The Diocese of St. Cloud will pay $22.5 million to sexual abuse survivors and declare bankruptcy under the terms of a settlement agreement announced Tuesday.

The agreement, subject to a bankruptcy court filing expected in the next few weeks, addresses allegations made against 41 priests by some 70 survivors dating back to the 1950s.

Many of the clerics are now dead, though one was still in active ministry as recently as 2015 at St. Andrew’s Catholic Church in Elk River.

Attorney Jeff Anderson, who negotiated the settlement agreement on behalf of abuse survivors, said it amounts to “validation and affirmation” for those survivors, some of whom Anderson first represented in lawsuits filed in the 1980s.

“Every single survivor with whom we worked has felt some measure of recovery of power by having come forward to share secrets,” said Anderson. “We believe they have made the community safer because of it, and they have been a part of a massive cleanup of a massive coverup in the Diocese of St. Cloud. It has been a journey born of great tribulation.”

In a statement, St. Cloud Bishop Donald Kettler said the diocese is committed to preventing sexual abuse.

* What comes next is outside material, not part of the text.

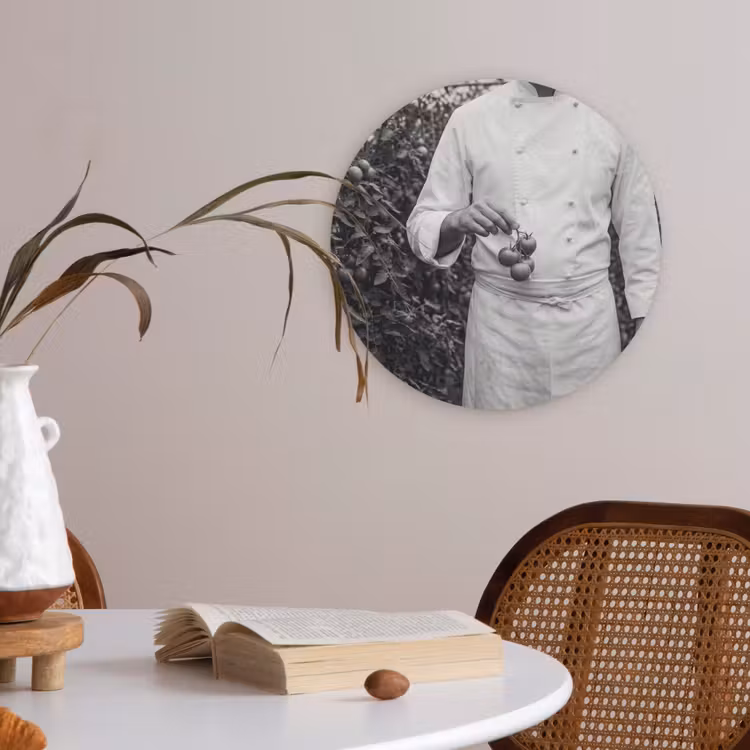 Tomaten - Chef - Zwart - Wit Akoestische PET Vilt - Rond klein -sfeer3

“I am particularly grateful to the survivors of abuse for their courage in coming forward and sharing their experiences, and I again apologize on behalf of the Church for the harm they suffered,” he said. “I remain committed to assist in the healing of all those who have been hurt, and I hope this is another step in that direction.”

In 2014, the St. Cloud Diocese released the names of 33 priests who had been credibly accused of sexual abuse. New lawsuits and information boosted that number to 41. The diocese announced in 2018 that it would file for bankruptcy, beginning the negotiations that led to Tuesday’s announcement.

The agreement also calls for the diocese to turn over its files on the 41 credibly accused priests.

One of those accused, Antonio Marfori, was in active ministry at St. Andrew’s in Elk River when a survivor stepped forward in 2015 to make accusations about past abuse that took place at St. Cloud Cathedral High School in the 1970s.

Kettler defrocked Marfori and added his name to the list of clergy likely to have abused minors, according to a diocesan spokesman. Marfori now resides in the Philippines but makes occasional visits to Minnesota, the spokesman said.

If the bankruptcy plan is approved, the St. Cloud Diocese will become the fifth of Minnesota’s six dioceses to settle its clergy abuse claims, and the fifth to declare bankruptcy.

The Diocese of New Ulm in March reached a $34 million settlement with 100 survivors in its bankruptcy case. The Diocese of Duluth and its insurers agreed last year to a $40 million settlement with 125 survivors of clergy sexual abuse, and the Archdiocese of St. Paul and Minneapolis reached a $210 million settlement in 2018 with 450 survivors.

The Diocese of Winona-Rochester filed for bankruptcy in 2018. The Diocese of Crookston avoided filing for bankruptcy when it reached a $5 million settlement last July to resolve 15 lawsuits for sexual abuse claims.

Those agreements would settle most of the 800 credible claims of child sex abuse by priests made under the 2013 Minnesota Child Victims Act, which opened a three-year window for plaintiffs to file abuse claims going back decades that were previously barred by statutes of limitation.